Data excerpts START
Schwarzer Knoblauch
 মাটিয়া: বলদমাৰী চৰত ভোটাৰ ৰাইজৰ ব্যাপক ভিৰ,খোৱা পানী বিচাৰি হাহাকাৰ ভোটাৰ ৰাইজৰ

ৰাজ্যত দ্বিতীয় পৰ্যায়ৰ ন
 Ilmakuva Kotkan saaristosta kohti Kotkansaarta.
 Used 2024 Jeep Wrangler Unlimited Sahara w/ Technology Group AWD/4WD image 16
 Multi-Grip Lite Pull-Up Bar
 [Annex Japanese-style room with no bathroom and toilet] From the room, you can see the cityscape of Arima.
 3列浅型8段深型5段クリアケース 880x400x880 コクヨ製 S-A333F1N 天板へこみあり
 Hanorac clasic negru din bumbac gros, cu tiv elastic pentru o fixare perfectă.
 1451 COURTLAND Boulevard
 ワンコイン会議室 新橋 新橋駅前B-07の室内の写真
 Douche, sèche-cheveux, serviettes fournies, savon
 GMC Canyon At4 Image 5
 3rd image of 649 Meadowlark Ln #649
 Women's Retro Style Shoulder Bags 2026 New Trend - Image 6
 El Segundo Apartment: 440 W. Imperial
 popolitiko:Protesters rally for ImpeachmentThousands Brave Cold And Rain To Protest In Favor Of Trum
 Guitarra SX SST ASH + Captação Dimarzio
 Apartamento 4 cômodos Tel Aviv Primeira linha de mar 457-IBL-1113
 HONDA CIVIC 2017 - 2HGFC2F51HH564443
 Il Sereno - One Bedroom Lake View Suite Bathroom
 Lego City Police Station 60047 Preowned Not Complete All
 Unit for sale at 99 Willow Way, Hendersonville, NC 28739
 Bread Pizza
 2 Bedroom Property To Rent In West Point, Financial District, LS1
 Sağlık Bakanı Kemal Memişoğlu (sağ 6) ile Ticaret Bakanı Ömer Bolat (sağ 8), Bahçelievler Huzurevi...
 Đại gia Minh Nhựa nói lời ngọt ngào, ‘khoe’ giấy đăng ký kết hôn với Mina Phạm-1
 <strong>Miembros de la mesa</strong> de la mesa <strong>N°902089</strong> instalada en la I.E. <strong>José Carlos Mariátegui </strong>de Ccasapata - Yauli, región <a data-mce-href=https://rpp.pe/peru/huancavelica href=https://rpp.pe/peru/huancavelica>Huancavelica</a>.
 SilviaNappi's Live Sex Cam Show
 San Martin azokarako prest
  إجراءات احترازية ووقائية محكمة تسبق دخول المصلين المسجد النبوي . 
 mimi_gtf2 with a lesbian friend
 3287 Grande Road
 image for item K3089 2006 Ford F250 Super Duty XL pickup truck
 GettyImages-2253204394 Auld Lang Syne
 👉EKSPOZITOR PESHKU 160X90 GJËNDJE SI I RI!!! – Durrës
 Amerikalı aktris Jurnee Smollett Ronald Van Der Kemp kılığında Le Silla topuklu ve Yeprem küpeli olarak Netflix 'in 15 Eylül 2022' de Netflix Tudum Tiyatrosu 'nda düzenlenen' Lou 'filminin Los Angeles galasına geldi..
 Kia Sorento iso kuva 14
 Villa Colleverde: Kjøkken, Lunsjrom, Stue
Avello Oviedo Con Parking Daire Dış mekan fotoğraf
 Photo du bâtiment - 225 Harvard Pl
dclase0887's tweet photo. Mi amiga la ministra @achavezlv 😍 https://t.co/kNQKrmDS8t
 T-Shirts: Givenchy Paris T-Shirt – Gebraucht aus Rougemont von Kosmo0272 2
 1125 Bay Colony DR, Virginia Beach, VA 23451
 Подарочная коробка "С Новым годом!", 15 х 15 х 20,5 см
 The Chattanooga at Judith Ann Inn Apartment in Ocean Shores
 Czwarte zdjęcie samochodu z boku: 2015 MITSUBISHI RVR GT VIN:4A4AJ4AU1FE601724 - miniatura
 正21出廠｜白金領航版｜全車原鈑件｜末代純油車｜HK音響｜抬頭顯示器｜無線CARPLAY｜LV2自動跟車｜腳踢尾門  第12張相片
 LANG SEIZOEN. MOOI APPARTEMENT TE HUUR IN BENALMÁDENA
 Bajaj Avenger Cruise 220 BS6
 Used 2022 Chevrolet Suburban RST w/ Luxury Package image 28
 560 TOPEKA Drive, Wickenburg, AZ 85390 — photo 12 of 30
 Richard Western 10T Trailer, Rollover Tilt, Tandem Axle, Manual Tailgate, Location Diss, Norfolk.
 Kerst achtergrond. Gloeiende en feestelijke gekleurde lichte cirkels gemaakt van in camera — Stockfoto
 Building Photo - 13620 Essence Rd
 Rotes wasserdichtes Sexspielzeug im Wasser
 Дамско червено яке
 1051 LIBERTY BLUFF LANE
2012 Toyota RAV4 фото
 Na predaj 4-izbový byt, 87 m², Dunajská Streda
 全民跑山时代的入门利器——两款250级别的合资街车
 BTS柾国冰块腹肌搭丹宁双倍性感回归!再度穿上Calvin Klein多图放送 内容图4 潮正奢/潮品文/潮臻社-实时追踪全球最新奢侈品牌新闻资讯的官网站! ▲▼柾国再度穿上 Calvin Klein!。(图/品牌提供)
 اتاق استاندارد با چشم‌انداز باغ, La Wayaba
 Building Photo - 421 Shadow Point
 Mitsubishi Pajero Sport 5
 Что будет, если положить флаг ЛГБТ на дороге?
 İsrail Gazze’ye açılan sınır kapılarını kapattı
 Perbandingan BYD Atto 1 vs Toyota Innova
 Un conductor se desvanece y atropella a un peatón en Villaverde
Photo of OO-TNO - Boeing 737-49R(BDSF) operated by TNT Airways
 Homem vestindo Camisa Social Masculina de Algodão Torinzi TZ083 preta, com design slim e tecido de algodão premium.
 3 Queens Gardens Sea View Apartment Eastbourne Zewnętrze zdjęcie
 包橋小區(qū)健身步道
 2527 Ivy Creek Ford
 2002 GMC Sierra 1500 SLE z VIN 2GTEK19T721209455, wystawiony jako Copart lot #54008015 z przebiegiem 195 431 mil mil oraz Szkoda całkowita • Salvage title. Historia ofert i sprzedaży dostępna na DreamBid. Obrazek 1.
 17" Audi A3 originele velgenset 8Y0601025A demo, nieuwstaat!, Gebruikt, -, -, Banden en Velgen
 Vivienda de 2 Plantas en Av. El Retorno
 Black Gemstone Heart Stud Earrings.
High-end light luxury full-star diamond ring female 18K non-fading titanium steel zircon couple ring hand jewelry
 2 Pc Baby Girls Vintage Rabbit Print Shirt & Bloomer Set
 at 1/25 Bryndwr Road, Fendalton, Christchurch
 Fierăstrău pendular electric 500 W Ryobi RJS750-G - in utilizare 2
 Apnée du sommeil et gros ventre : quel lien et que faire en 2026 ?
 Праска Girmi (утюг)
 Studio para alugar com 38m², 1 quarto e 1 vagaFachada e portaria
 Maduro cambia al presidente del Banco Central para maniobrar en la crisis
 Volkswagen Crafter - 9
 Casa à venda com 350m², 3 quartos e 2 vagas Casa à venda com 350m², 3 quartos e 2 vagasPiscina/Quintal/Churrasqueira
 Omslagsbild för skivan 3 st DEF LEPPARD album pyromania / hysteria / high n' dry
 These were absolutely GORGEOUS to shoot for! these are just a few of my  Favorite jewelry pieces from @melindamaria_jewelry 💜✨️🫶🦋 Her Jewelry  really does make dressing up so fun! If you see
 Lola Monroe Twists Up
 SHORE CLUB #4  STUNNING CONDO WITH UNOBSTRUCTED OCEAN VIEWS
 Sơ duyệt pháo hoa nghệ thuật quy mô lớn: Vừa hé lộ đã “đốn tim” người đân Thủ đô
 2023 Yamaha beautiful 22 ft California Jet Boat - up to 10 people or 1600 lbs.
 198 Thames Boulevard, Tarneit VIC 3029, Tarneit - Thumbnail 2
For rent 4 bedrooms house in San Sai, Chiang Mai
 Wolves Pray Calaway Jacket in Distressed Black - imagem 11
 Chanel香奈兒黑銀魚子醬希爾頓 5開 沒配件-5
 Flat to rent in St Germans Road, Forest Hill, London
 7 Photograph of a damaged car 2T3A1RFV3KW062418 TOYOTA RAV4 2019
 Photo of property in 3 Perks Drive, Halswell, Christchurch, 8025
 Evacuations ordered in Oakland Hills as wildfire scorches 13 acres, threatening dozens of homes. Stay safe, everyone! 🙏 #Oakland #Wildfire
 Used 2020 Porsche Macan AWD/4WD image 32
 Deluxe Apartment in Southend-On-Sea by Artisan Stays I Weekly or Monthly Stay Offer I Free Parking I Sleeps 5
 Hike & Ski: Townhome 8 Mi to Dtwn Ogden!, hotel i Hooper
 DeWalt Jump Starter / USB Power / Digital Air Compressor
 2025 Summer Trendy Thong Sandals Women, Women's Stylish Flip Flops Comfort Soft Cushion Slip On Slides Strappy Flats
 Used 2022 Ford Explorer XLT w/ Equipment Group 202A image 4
Data excerpts END
**Task instructions**
Emit an exact copy of the lines spanning the start of the records to the line containing "Douche, sèche-cheveux, serviettes", inclusive, and no other output.

**The completed task**
Schwarzer Knoblauch
 মাটিয়া: বলদমাৰী চৰত ভোটাৰ ৰাইজৰ ব্যাপক ভিৰ,খোৱা পানী বিচাৰি হাহাকাৰ ভোটাৰ ৰাইজৰ

ৰাজ্যত দ্বিতীয় পৰ্যায়ৰ ন
 Ilmakuva Kotkan saaristosta kohti Kotkansaarta.
 Used 2024 Jeep Wrangler Unlimited Sahara w/ Technology Group AWD/4WD image 16
 Multi-Grip Lite Pull-Up Bar
 [Annex Japanese-style room with no bathroom and toilet] From the room, you can see the cityscape of Arima.
 3列浅型8段深型5段クリアケース 880x400x880 コクヨ製 S-A333F1N 天板へこみあり
 Hanorac clasic negru din bumbac gros, cu tiv elastic pentru o fixare perfectă.
 1451 COURTLAND Boulevard
 ワンコイン会議室 新橋 新橋駅前B-07の室内の写真
 Douche, sèche-cheveux, serviettes fournies, savon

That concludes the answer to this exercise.